So, as the title says, i think that the function is innacurate. Im using it to position boxes on the targets of my spaceship game, and when i move and rotate the ship, the box drifts from its target a lot, and i dont know how to fix it. Is there any way i can make it be on target?
The function will be perfectly accurate.
You may be giving it incorrect information (wrong location, wrong camera?)
You may also be mis-using the output or your screen object is offset from its center
Photographs of code are not a thing. If you post a code snippet, ALWAYS USE CODE TAGS:
How to use code tags: Using code tags properly
You must find a way to get the information you need in order to reason about what the problem is.
Once you understand what the problem is, you may begin to reason about a solution to the problem.
What is often happening in these cases is one of the following:
- the code you think is executing is not actually executing at all
- the code is executing far EARLIER or LATER than you think
- the code is executing far LESS OFTEN than you think
- the code is executing far MORE OFTEN than you think
- the code is executing on another GameObject than you think it is
- you’re getting an error or warning and you haven’t noticed it in the console window
To help gain more insight into your problem, I recommend liberally sprinkling Debug.Log()

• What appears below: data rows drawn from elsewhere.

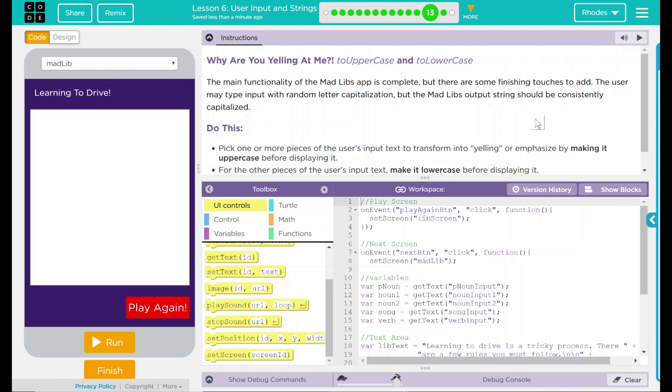Hey kids, welcome to lesson six user input and strings part 10. Why are you yelling at me? To uppercase and to lowercase. The main functionality of the Mad Libs app is complete, but there are some finishing touches we can add. The user might type in random letter capitalizations, but the Mad Lib output string could be consistently capitalized.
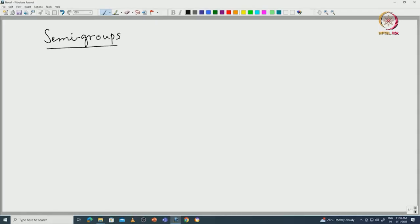Welcome back. We will now start formally the theory of semigroups. This topic may be new to many of you, so you have to really understand the new concepts and work out the full details. All the details cannot be given here, so let me begin with a formal definition of what a semigroup is.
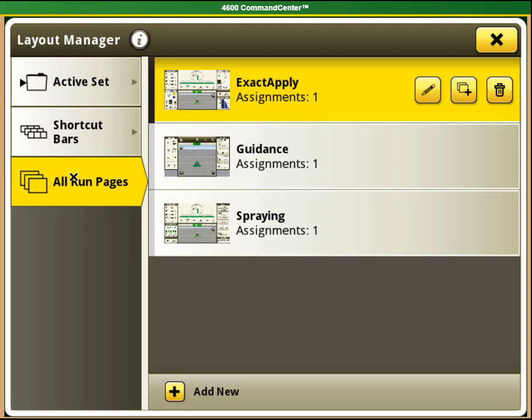Your new machine will come with some homepages already set up under All Run Pages. You cannot edit these pages, but you can copy them and then edit the copies.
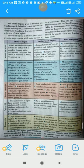The monsoon region is located in the north and south of the equator, between 10 degrees and 30 degrees north and south parallels. They spread across the Indian subcontinent, Philippines, West Indies, North Australia, East Africa, and Central America.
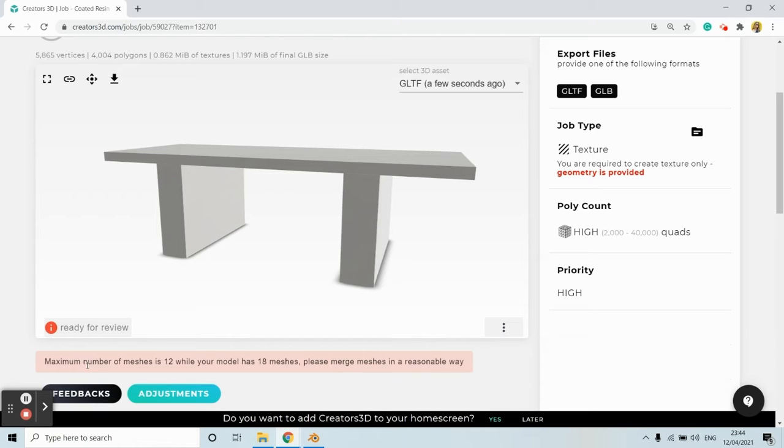What this means is that my model, which in this case is a table, consists of 18 separate meshes. Creators is limited to upload a model with a maximum of 12 meshes.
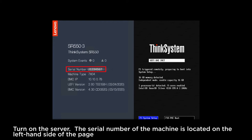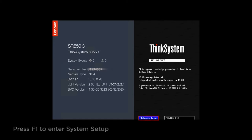The serial number of the machine is located on the left hand side of the page. Press F1 to enter system setup.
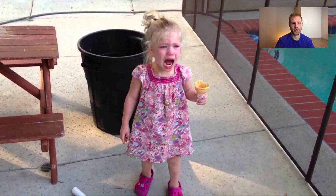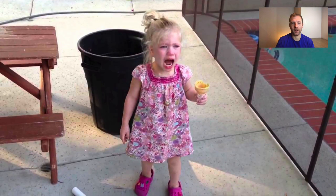I want to just start with this picture of this poor little girl here. This is not me. She looks very upset. She's got an empty ice cream cone in her hand.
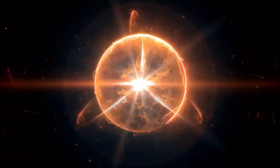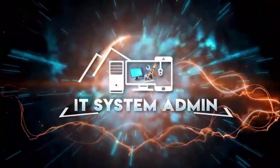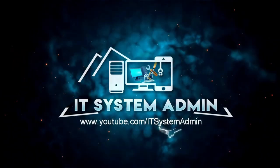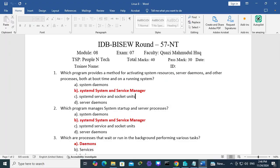Hello viewers, welcome to IT System Admin and Information Technology Learning Tutorial channel. Today in this tutorial I am going to show you how to unrestrict editing from a Microsoft Word document.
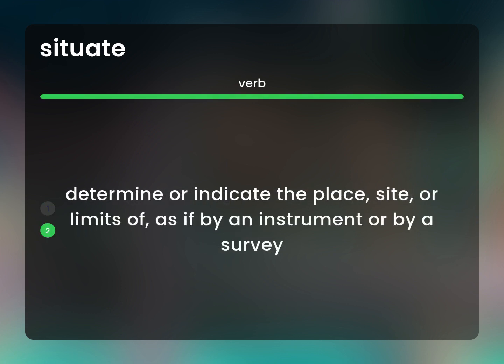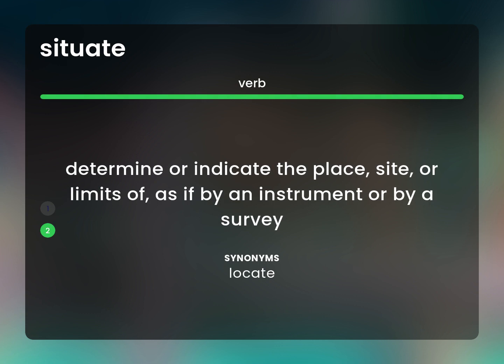Determine or indicate the place, site, or limits of, as if by an instrument or by a survey. Locate.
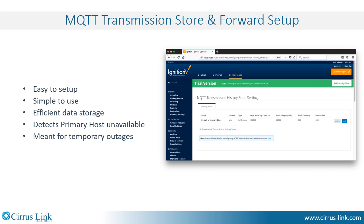MQTT transmission is not designed for large data stores — being offline for weeks or months. It is targeted for temporary outages for hours or days, dependent upon hardware limitations and number of tags.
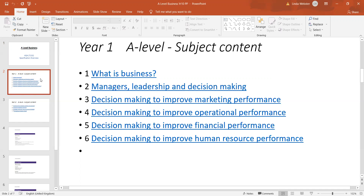Then we move into looking at decision making in the four different functional areas — points three through to point six — so how decisions are made to improve marketing, operational, financial, and human resource performance. There's a degree of numeracy required, typically for a business A-level. We say a level six, although we have had pupils with level five at GCSE maths, which seems to have worked OK in most cases.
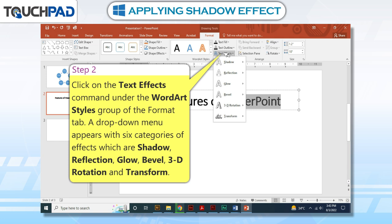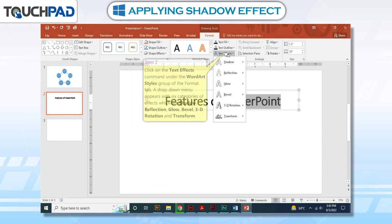A drop-down menu appears with six categories of effects, which are Shadow, Reflection, Glow, Bevel, 3D Rotation, and Transform.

statements through your code to display information in realtime.
Doing this should help you answer these types of questions:
- is this code even running? which parts are running? how often does it run? what order does it run in?
- what are the values of the variables involved? Are they initialized? Are the values reasonable?
- are you meeting ALL the requirements to receive callbacks such as triggers / colliders (review the documentation)
Knowing this information will help you reason about the behavior you are seeing.
You can also supply a second argument to Debug.Log() and when you click the message, it will highlight the object in scene, such as Debug.Log("Problem!",this);
If your problem would benefit from in-scene or in-game visualization, Debug.DrawRay() or Debug.DrawLine() can help you visualize things like rays (used in raycasting) or distances.
You can also call Debug.Break() to pause the Editor when certain interesting pieces of code run, and then study the scene manually, looking for all the parts, where they are, what scripts are on them, etc.
You can also call GameObject.CreatePrimitive() to emplace debug-marker-ish objects in the scene at runtime.
You could also just display various important quantities in UI Text elements to watch them change as you play the game.
If you are running a mobile device you can also view the console output. Google for how on your particular mobile target, such as this answer or iOS: How To - Capturing Device Logs on iOS or this answer for Android: How To - Capturing Device Logs on Android
If you are working in VR, it might be useful to make your on onscreen log output, or integrate one from the asset store, so you can see what is happening as you operate your software.
Another useful approach is to temporarily strip out everything besides what is necessary to prove your issue. This can simplify and isolate compounding effects of other items in your scene or prefab.
Here’s an example of putting in a laser-focused Debug.Log() and how that can save you a TON of time wallowing around speculating what might be going wrong:
When in doubt, print it out!™
Note: the print()
function is an alias for Debug.Log() provided by the MonoBehaviour class.
Actually your problem is assuming that Canvas space and Screen space are the same thing. This is not true. Canvas space is a whole separate and mysterious beast.
Thanks for the detailed response, i will try to follow said debugging steps
thats probably it, i’ll do some research and see what i can find
I have tried doing all that, and none of it worked. I think that a video of the problem might help, which i attached here(
https://www.youtube.com/watch?v=1fWV9pAX9Yk
). As you can see, the problem doesnt even appear at 1st, and only does so as time goes by. It also cant be a result of floating point calculations cuz if i manually move both ships to the center after the error occurs, it is still there. How can i fix this?
When and where are you running the code that positions the square? Have you tried putting it in LateUpdate?
Looks like perhaps you’re traveling very far away from (0,0,0). Is that what you’re doing?
If so you need to either:
- not travel so far away (1000 to 2000 units is best, 10,000 units away is an upper outer limit)
OR
- implement a floating origin system.
This is due to single precision floating point inaccuracy, which means you need to stay within “reasonable” numbers in order to have “reasonable” accuracy in those numbers.
as i said, that cant be it, since when i move them ships manually to 0,0,0 the bug is still there
i’ve tried fixed update, although lemme give latupdate a try
nope, same issue
also, if it was floating point inaccuraccy, woudnt everything be affected?